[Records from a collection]
____

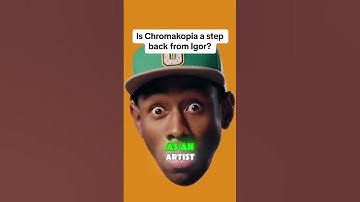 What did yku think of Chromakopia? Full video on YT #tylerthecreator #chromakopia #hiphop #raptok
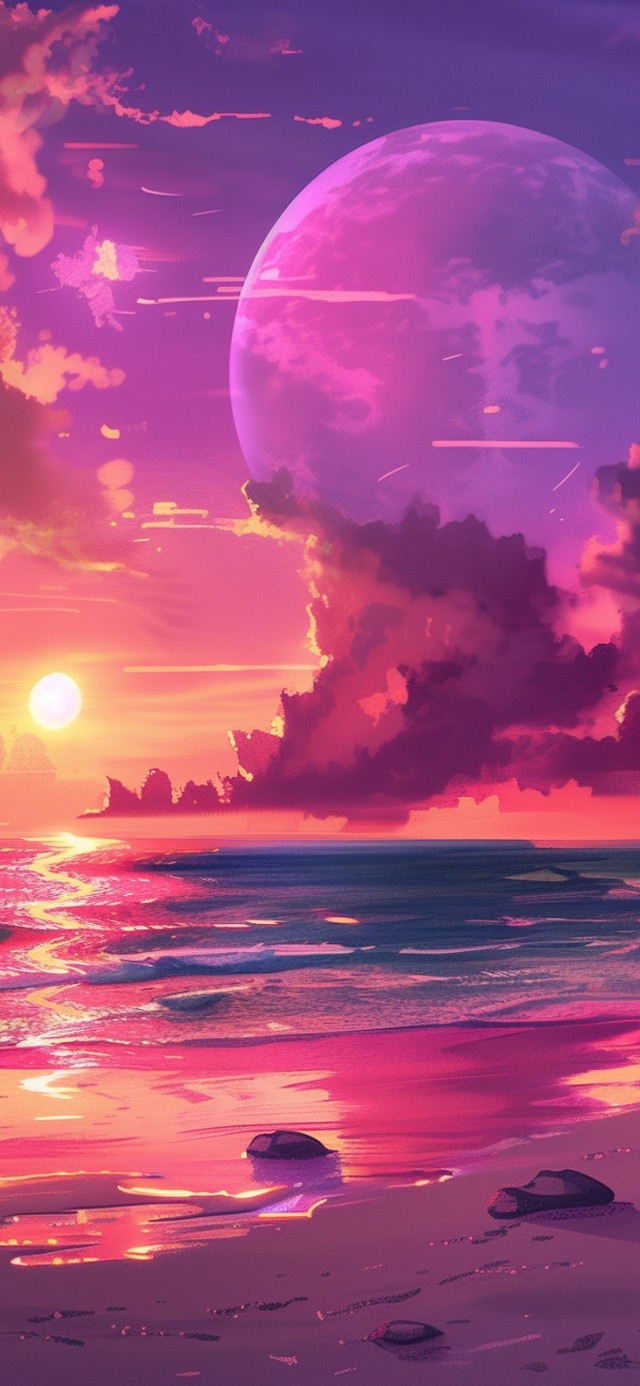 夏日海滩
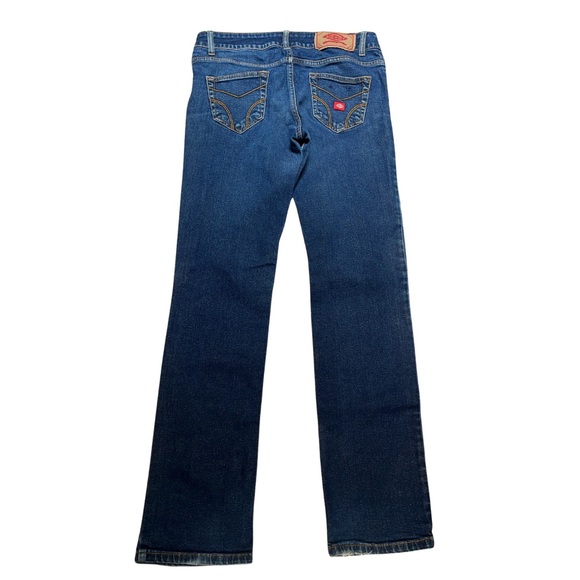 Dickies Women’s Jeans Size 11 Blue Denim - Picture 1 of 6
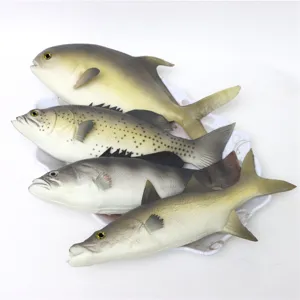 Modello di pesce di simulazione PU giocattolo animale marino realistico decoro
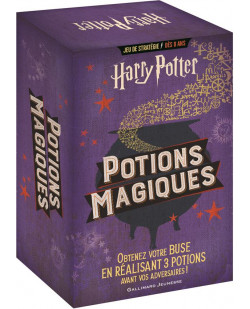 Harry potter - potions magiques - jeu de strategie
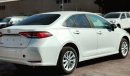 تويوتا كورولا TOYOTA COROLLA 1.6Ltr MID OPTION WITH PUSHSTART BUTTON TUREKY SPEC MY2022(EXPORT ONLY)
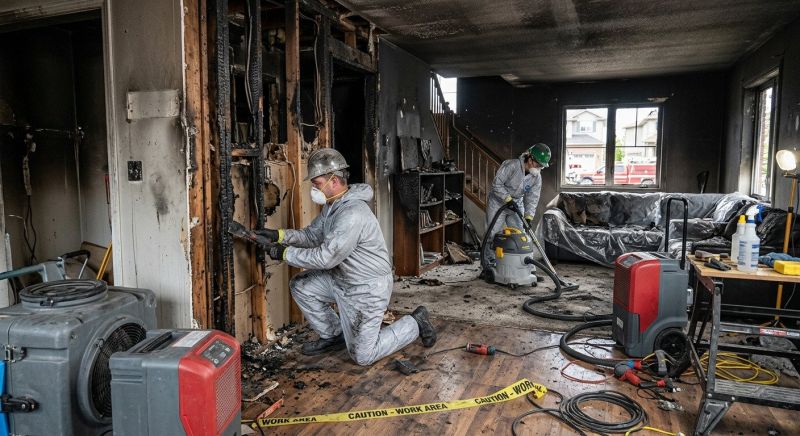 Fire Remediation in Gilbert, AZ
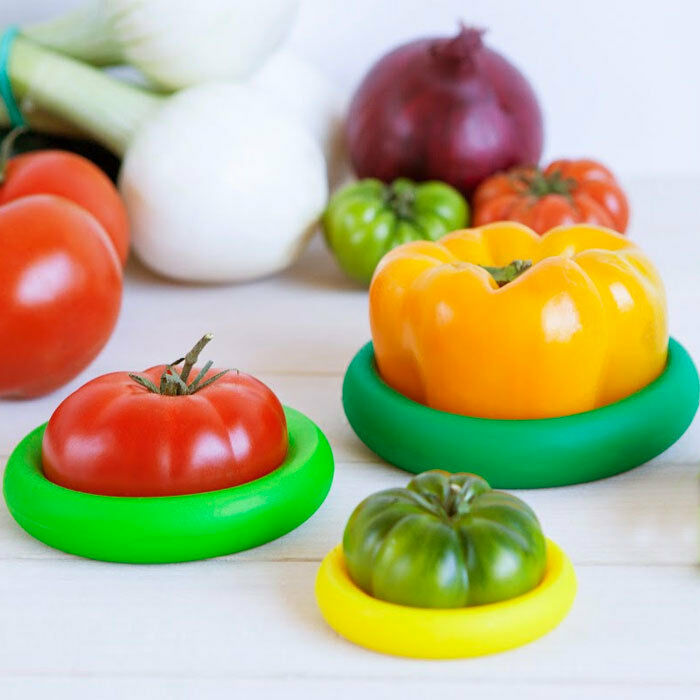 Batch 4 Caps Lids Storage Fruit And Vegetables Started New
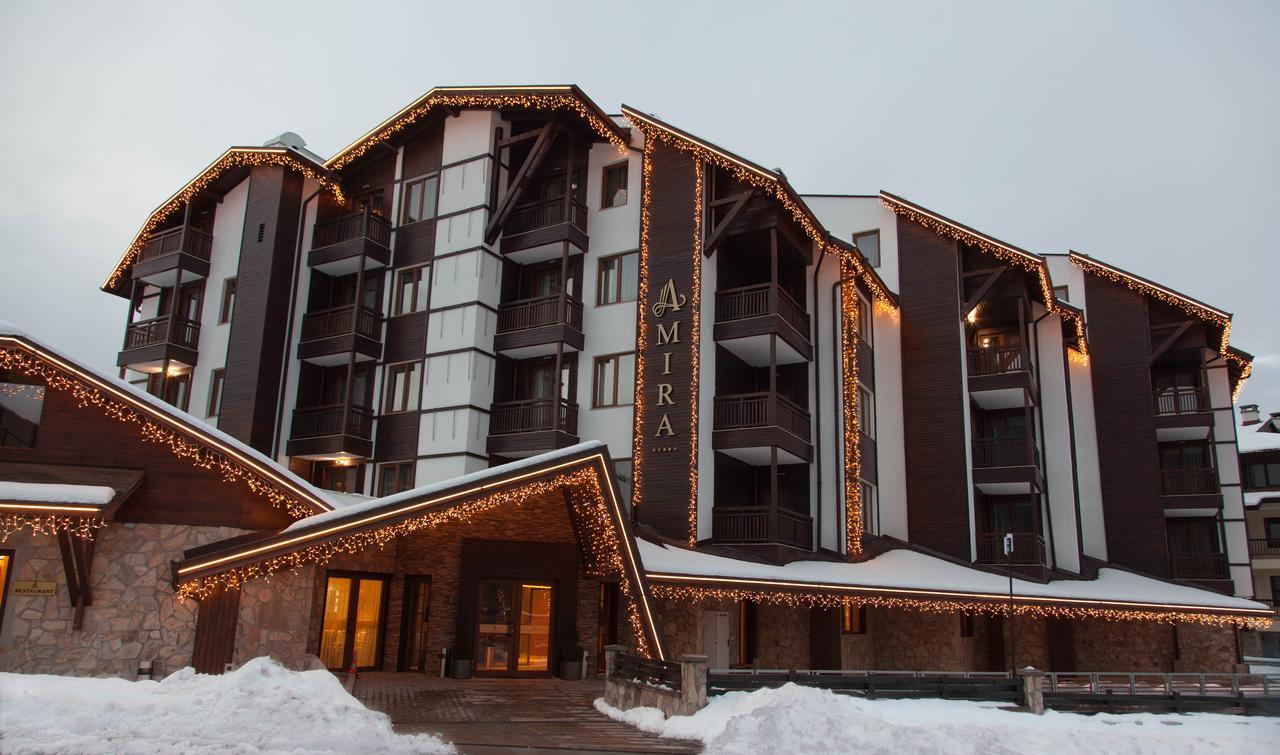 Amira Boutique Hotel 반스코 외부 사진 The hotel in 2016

____

[Task description]
Give back exactly the lines from the line with "Harry potter - potions" through the final line of the entries above, and keep pictures out of the copy.

[Exercise result]
 Harry potter - potions magiques - jeu de strategie
 تويوتا كورولا TOYOTA COROLLA 1.6Ltr MID OPTION WITH PUSHSTART BUTTON TUREKY SPEC MY2022(EXPORT ONLY)
 Fire Remediation in Gilbert, AZ
 Batch 4 Caps Lids Storage Fruit And Vegetables Started New
 Amira Boutique Hotel 반스코 외부 사진 The hotel in 2016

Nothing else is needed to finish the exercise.